In this assignment, you will implement two different attention-based models, RNN and Transformers. The goals of this assignment are:

  • Understand and implement recurrent neural networks
  • See how recurrent neural networks can be used for image captioning
  • Understand how to augment recurrent neural networks with attention
  • Understand and implement different building blocks of the Transformer model
  • Use the Transformer model on a toy dataset

This assignment is due on Tuesday, April 12th at 11:59pm ET.

Q1: Image Captioning with Recurrent Neural Networks (50 points)

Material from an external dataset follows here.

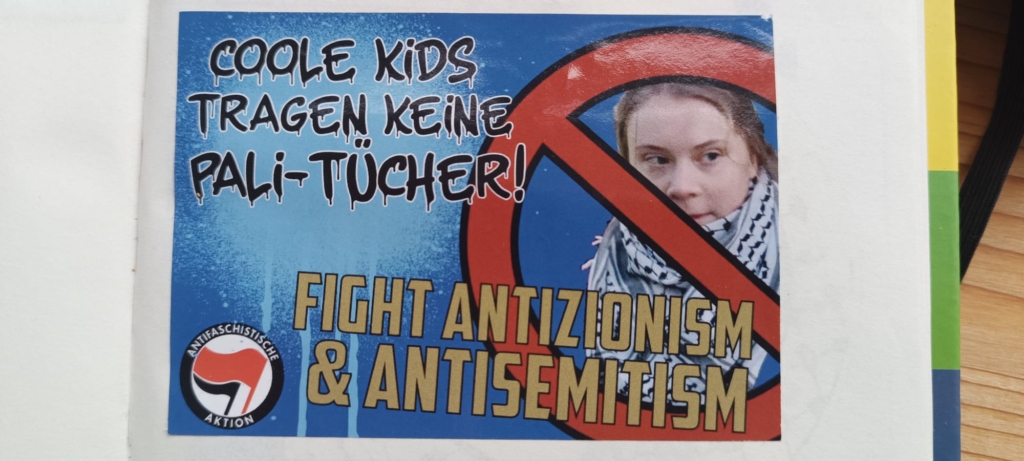 Swedish climate activist Greta Thunberg wearing a black-and-white kaffiyeh. “Cool kids don’t wear Pali scarves! Fight antizionism & antisemitism.”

The notebook rnn_lstm_attention_captioning.ipynb will walk you through the implementation of vanilla recurrent neural networks (RNN) and Long Short Term Memory (LSTM) RNNs. You will use these networks to train an image captioning model. You will then augment your implementation to perform spatial attention over image regions while generating captions.

Q2: Transformer model for simple arithmetic operations (50 points)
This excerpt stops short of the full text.